In your opinion when did this historical corporate centrism Dem party transform into something else? Obama ramped up the police/surveillance state, let the banksters off the hook, did drone wars, etc. Obama’s a smart guy, he knows what the impact of NAFTA was and he was like “hold my beer, catch a load of this TPP”. That was just a few years ago. Biden is president and he participated in all the stuff I listed in my previous post except for Taft-Hartley. Schumer was around for most of it too.
When Dems say that they want to pass “very liberal” agendas I put that in the same category of “most progressive” stimulus ever. Like what does it actually mean? Very liberal…progressive…shit I bet Kyrsten Cinema is capable of describing herself as either one, and she voted against increasing the minimum wage.
Here’s a little breakdown that may help us understand each other better. From my view:
very progressive/liberal stimulus=temporary tax credits=bandaids, the system is still in place but there is some relief for those in need
giving employees 1/3rd representation on the board of companies=reformist=better than bandaids because at least we’ve partly changed the power dynamic of the employer/employee relationship
turning Amazon in to worker owned co-operative=radical/socialist=getting rid of the parasitic class and getting closer to the cure
Schumer is probably motivated somewhat by an AOC primary challenge but honestly he’s a massive favorite to fade that no matter what. He seems to genuinely get it now, I think Mitch shitting in his face for a decade actually changed him.

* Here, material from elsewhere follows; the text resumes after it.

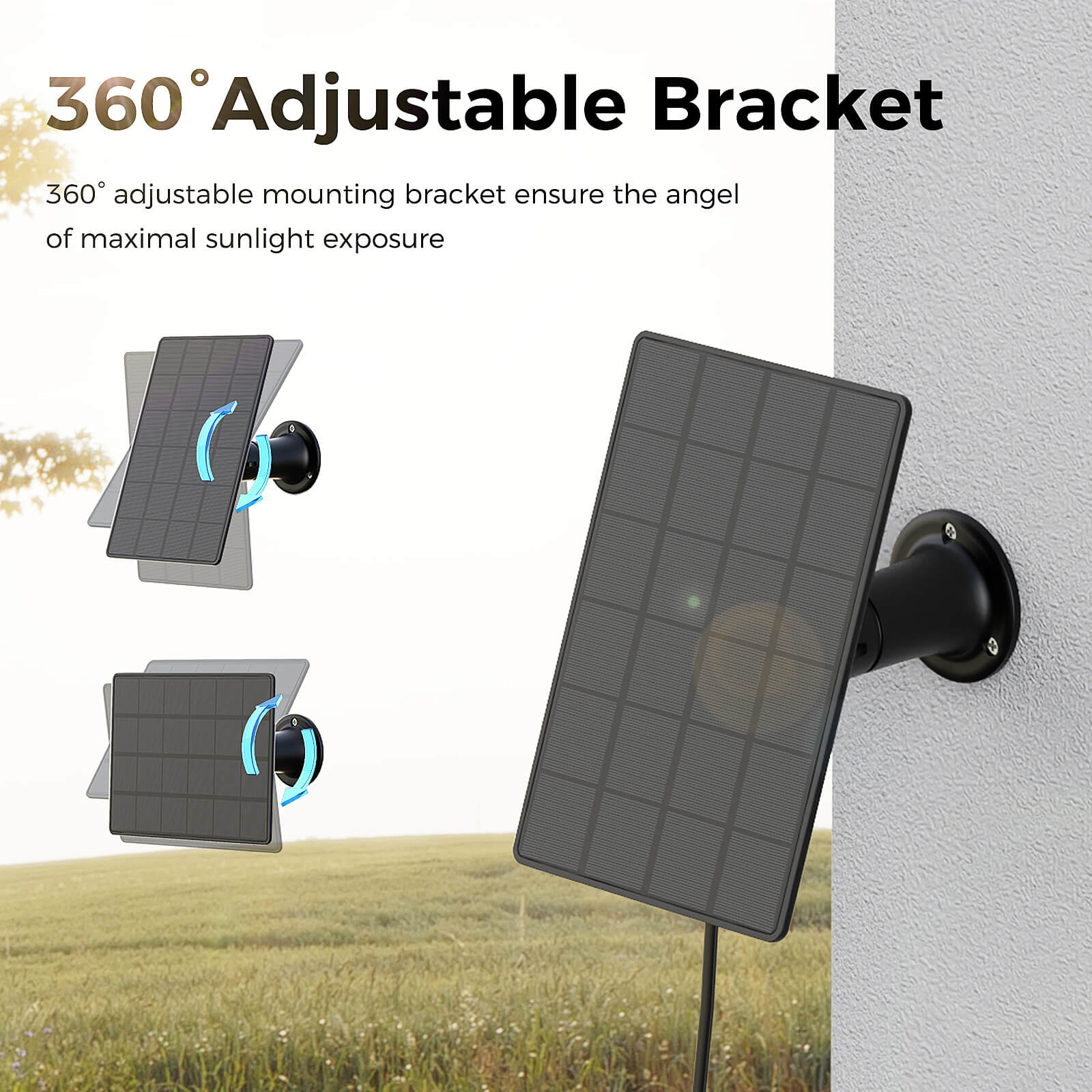 PerchMe Solar Panel for Bird Feeder Camera only, Type-C Charger, IP65 Waterproof for Outdoors, Continuously Power Supply, 360° Swivel Bracket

I think you could pick out points after Nov 4th u til after 6th Jan to see how Schumer changed his stance on the GOP & see’s them for what they are nowadays.
Whelp, I totally agree the Dems are shit but they have been making some progress and this bill is a good one none the less. The most questionable thing is that they took so long but hope they get these checks out ASAP. Its distributions in the correct direction so don’t be confused by the idealistic noise.
Re: things changing, people need to understand that ballot initiatives or maybe even laying down in the streets en masse are the only likely paths to break the stranglehold. The people being paid by big business to be politicians are never going to hang themselves.
clinton didn’t negotiate it. passing it was fairly bipartisan. pinning job elimination on clinton without mentioning that is misleading, even as clinton did a ton to alleviate the jobs transition.
software was already booming before mosaic and IE (lol WWW). it actually required a concerted growth mindset from business to generate demand for programmers and the government to “luckbox” into plenty of people trying to learn cobol/etc. by the time i was a cs undergrad, their numbers grew for a decade.
Manchin still might be on board for a talking filibuster, but ruled out requiring 41 Senators present to sustain a filibuster and said 60 votes was a hard line still. He also said explicitly that blocking the voting rights bill wouldn’t change his mind.
Sinema, Manchin, Feinstein, Tester, and King all supposedly not there on the nuclear option with some unnamed others also non commital.
Some of this may be a process, but it is going to be a slow one. Tester is working with a bipartisan group of 20 on the infrastructure bill and says he’s committed to that process and working through all available options and working to repeatedly pass bills before addressing the filibuster (although he isn’t taking it off the table)
I think passing anything with 50 votes still a huge dog (id put the voting rights bill as a +1000 dog) but at the very least this is going nowhere fast and most of ‘21 likely going to be needed to convince the laggards there is a problem.
Don’t listen to Joe Manchin talk. He’s a massive attention whore who is good at cultivating an image that works for him in WV. He’s not going to block the reform necessary to pass voting rights, though it might take a few very painful cycles of obstruction to get him there. I’m far more worried about dancing thumbs down lady, and even Feinstein’s corpse.
I hope you are right but I really don’t think we have any evidence manchin will support filibuster reform. I think if we want voting rights reform we either need sixty votes or to win more senate seats in 2022.
Isn’t it against manchins interests for the dems to win more seats? If they keeping winning he’s yesterday’s news. At 50/50 he’s super important and everyone has to cater to his moronic whims. seems like a perverse incentive situation to me.